* **EXERCISE DIRECTIONS**
Take the entries below and print only the lines from the one with "Boys summer suit short sleeve two-piece set" through the one with "Sun Records Unisex", exactly as they stand, both ends included.

* **DATA SUPPLIED**
-- Opening Marker --
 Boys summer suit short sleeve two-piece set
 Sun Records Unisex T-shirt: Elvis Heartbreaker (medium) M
-- Closing Marker --
-- Opening Marker --
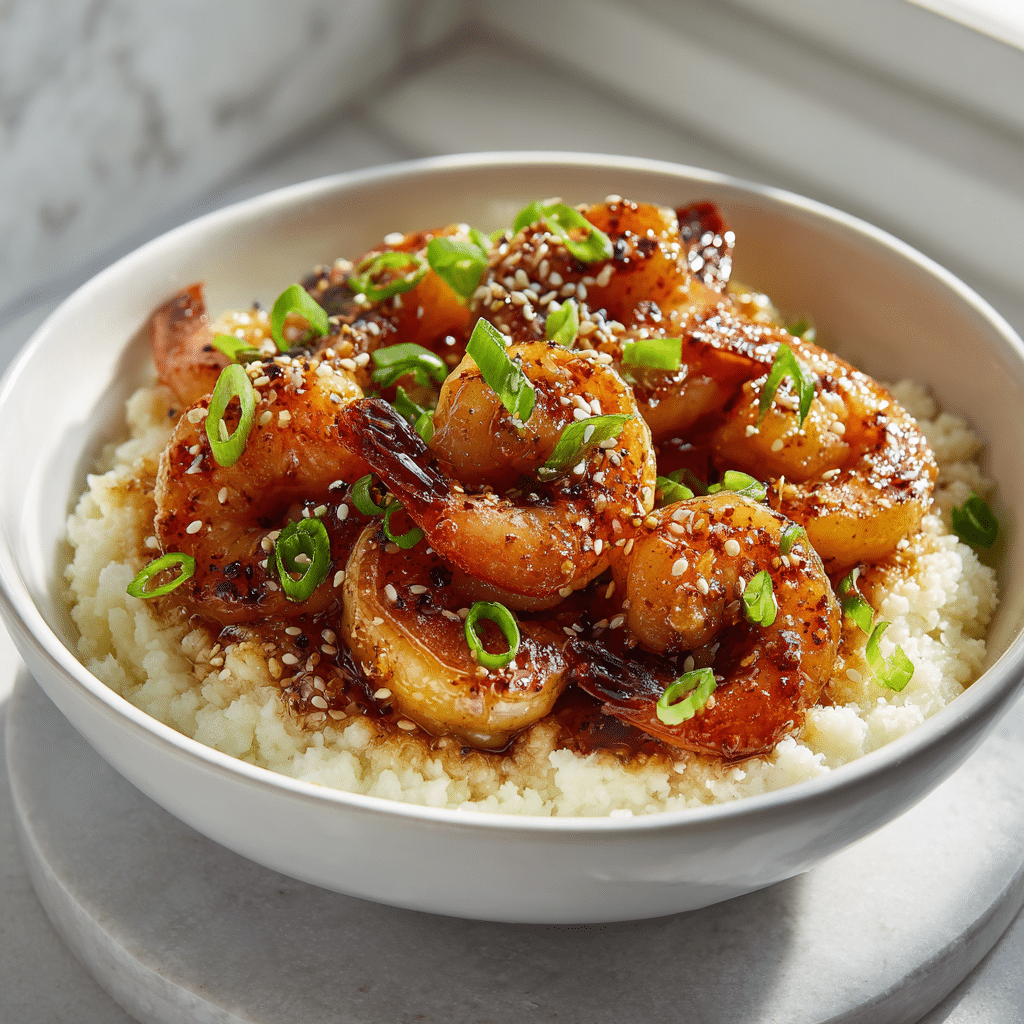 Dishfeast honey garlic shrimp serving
-- Closing Marker --
-- Opening Marker --
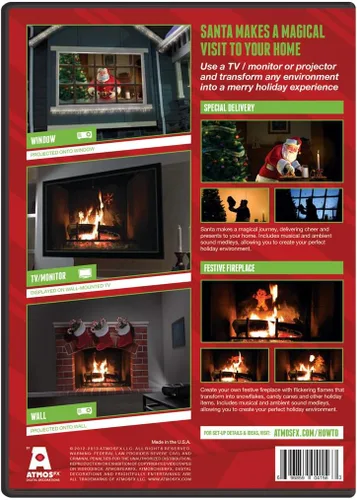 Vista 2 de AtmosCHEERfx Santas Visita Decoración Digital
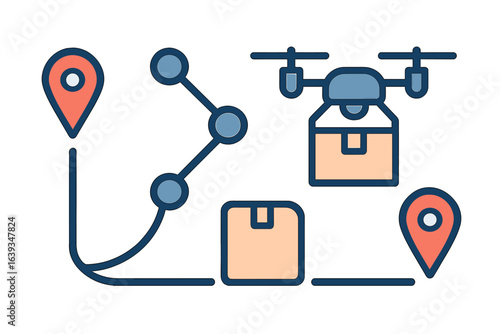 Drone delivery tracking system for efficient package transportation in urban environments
-- Closing Marker --
* **RESULT OF THIS TASK**
 Boys summer suit short sleeve two-piece set
 Sun Records Unisex T-shirt: Elvis Heartbreaker (medium) M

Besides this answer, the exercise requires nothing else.